Tek-Tips is the largest IT community on the Internet today!

Members share and learn making Tek-Tips Forums the best source of peer-reviewed technical information on the Internet!

  • Congratulations Chris Miller on being selected by the Tek-Tips community for having the most helpful posts in the forums last week. Way to Go!

Excel Import issue using Split() 1

Status
Not open for further replies.

BJZeak

Programmer
May 3, 2008
230
CA
stumped with excel data import ... excel creates a CSV file that for the most part works up until it hits numbers larger then 999 when using the split() function ... exporting as Tab txt has the same issue ... excel wraps cell data in quotes when the cell contains a comma.

I was expecting split to recognize the quotes as meaning start of text but it appears to not understand them

Public Function gfnEntry(inPosition, chStr, Optional chDelim) As String
Dim chAry() As String
If IsMissing(chDelim) Then chDelim = ","
chAry = Split(chString, chDelim)
gfnEntry = chAry(inPosition - 1)
End Function

abc,100,0,xyz creates an array 0-3
abc,101,0,xyz ditto
.
.
.
abc,"1,000",0,xyz creates an array 0-4

x[0] = abc
x[1] = "1
x[2] = 000"
x[3] = 0
x[4] = xyz



 
Try something like
Code:
Public Function gfnEntry(inPosition, ByVal chStr, Optional chDelim) As String
Dim chAry() As String
Dim m As Integer
Dim n As Integer

If IsMissing(chDelim) Then chDelim = ","

Do
   n = InStr(1, chStr, """")
   If n > 0 Then
      m = InStr(n + 1, chStr, """")
      chStr = Left(chStr, n - 1) & _
              Replace(Mid(chStr, n + 1, m - n - 1), chDelim, "") & _
              Mid(chStr, m + 1)
    End If
Loop Until n = 0

chAry = Split(chStr, chDelim)
gfnEntry = chAry(inPosition - 1)
End Function
 
THX

Just a slight mod ... to keep it from running forever :)

m = 1
do
n = InStr(m,chStr,"""")


Sometimes the simplest solution is the best ... I was thinking in terms of situations where the delimiter may be required in the quoted string ... in order to satisfy that the line delimiter would need to be temporarily overloaded which is not a trivial piece of logic to cover all possible combinations of Quote.


 
Not necessary. It won't run forever as it is ... and that modification could screw up the processing by skipping characters.

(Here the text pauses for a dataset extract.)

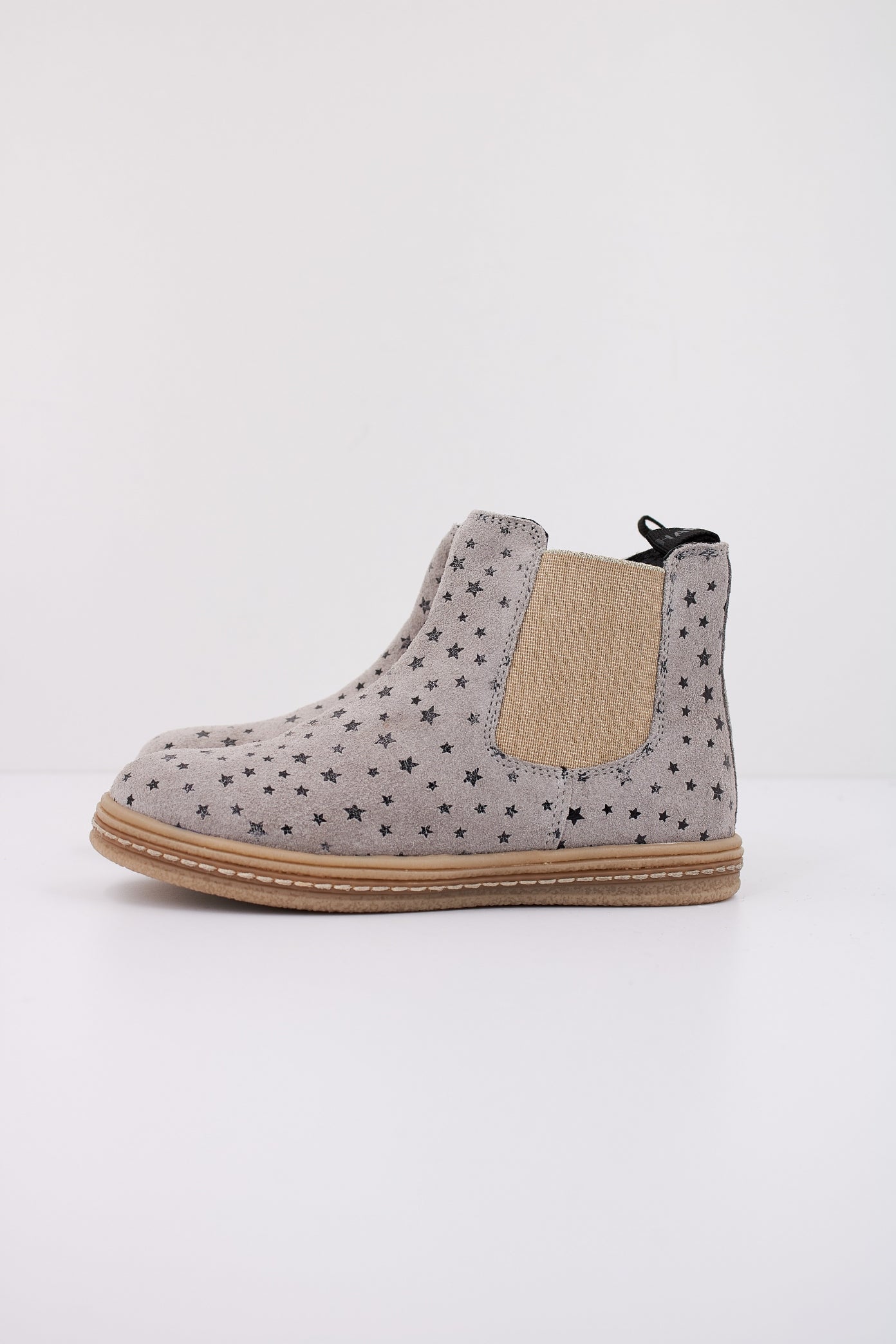 GIOSEPPO  BILDEIN en color GRIS  (1)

The code finds pairs of quotes and removes them on each pass. It will stop running when there are no more quotes in the string.

If you want to preserve the delimiters then
Code:
Public Function gfnEntry(inPosition, ByVal chStr, Optional chDelim) As String
Dim chAry() As String
Dim m As Integer
Dim n As Integer

If IsMissing(chDelim) Then chDelim = ","

Do
   n = InStr(1, chStr, """")
   If n > 0 Then
      m = InStr(n + 1, chStr, """")
      [COLOR=black cyan]' Get out if there is no matching end quote.[/color]
      If m = 0 Then Exit Do
      chStr = Left(chStr, n - 1) & _
              Replace(Mid(chStr, n + 1, m - n - 1), chDelim, [red]Chr(6)[/red]) & _
              Mid(chStr, m + 1)
    End If
Loop Until n = 0

chAry = Split(chStr, chDelim)
gfnEntry = [red]Replace([/red]chAry(inPosition - 1)[red],Chr(6),chDelim)[/red]
End Function
 
Ok Sorry ... after rereading your code again I see you were deleting both the embedded delimiter as well as the quotes which would work fine (by adjusting your pointers) ... I had read it as just removing the delimiter in which case "n" would never go to zero. Using "m" would not miss anything as the instr starting position is either 1 or the first character after the last quote.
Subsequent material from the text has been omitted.